The resort opened in 2003 and is built on 6.3 acres of land in Teton Village.
This year, the resort’s guest rooms were comprehensively renovated, according to the Host statement on the purchase.
Dijia put the Four Seasons up for sale, along with luxury properties in Laguna Beach, California, and Scottsdale, Arizona. The three properties combined are valued at $1.3 billion.
Chinese companies’ interest in Wyoming properties has gained the attention Republican U.S. Congressional candidate Harriet Hageman. She circulated a petition in August calling for a ban on Chinese companies investing in farmland in Wyoming and the United States.
“Chinese corporations are buying up American farmland at an alarming rate,” read the headline on Hageman’s petition. “This is a threat to Wyoming, to America and on our way of life.”
China also has been investing in U.S. farmland, prompting concerns at the federal level.
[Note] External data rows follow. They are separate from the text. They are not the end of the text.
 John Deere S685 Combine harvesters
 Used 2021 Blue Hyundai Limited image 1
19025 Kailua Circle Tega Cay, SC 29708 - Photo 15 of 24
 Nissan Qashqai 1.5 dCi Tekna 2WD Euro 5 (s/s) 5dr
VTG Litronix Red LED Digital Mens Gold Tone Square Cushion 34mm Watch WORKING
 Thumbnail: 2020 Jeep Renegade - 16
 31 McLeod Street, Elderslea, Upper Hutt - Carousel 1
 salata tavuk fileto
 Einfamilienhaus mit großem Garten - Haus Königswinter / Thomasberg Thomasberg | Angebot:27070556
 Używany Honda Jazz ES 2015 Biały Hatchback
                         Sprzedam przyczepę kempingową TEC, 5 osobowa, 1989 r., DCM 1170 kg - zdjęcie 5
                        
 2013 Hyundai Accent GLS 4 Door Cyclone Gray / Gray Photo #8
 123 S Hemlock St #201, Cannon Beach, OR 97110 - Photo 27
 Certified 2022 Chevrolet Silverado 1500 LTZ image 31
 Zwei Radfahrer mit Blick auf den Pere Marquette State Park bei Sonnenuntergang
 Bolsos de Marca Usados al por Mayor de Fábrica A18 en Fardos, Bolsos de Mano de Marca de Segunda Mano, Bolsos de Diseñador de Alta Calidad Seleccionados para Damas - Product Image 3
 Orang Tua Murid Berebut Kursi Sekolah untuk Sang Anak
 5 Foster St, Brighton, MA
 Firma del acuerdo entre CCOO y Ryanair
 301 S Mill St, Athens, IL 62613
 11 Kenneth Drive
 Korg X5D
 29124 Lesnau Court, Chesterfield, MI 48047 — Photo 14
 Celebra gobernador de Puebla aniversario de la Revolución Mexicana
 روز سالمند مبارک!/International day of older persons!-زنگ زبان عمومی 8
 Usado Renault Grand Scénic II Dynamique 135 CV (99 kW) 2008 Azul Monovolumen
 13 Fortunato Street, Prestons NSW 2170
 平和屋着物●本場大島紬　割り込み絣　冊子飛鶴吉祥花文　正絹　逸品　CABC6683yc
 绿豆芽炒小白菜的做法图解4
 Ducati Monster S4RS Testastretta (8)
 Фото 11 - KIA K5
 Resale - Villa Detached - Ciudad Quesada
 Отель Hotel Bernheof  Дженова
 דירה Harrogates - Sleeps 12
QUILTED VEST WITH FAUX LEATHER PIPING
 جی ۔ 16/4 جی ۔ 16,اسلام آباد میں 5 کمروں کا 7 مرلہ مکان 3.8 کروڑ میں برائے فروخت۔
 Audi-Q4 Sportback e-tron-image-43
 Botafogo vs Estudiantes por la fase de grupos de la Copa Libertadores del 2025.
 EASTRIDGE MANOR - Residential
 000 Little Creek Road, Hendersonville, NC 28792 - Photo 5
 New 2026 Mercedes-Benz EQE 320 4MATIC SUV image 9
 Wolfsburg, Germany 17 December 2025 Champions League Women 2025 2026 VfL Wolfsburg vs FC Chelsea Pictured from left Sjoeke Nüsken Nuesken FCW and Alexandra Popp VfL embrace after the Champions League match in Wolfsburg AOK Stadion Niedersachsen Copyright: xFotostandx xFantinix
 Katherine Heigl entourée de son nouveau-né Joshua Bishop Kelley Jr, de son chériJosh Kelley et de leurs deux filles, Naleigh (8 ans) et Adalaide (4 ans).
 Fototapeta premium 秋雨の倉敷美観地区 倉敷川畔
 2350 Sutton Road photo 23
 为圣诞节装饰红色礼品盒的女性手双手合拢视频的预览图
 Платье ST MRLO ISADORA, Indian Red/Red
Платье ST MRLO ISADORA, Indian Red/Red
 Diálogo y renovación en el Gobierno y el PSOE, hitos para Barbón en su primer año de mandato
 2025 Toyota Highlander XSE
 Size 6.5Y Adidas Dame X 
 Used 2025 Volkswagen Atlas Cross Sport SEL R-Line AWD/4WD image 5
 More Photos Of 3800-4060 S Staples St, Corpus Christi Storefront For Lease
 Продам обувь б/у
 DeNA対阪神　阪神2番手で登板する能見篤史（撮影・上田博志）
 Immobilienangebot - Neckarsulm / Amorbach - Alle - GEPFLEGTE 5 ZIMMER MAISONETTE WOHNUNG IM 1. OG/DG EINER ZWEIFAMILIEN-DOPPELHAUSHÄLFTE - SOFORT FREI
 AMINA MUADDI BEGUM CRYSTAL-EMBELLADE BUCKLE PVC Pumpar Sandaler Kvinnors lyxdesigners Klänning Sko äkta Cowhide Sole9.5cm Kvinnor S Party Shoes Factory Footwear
In June, Republican members of Congress introduced legislation to curb China’s investment in U.S. agriculture. The Promoting Agriculture Safeguards and Security Act would ban China, Russia, Iran and North Korea from buying U.S. agricultural companies.
Jackson Hole has courted Chinese investors for some time. In 2104, the Jackson Hole News & Guide reported that Jackson Hole Realtor Bruce Simon organized a tour of Wyoming and Idaho for Adam Wu, COO of China Business Network. Wu was reportedly impressed with the area’s resorts and farmland in Idaho.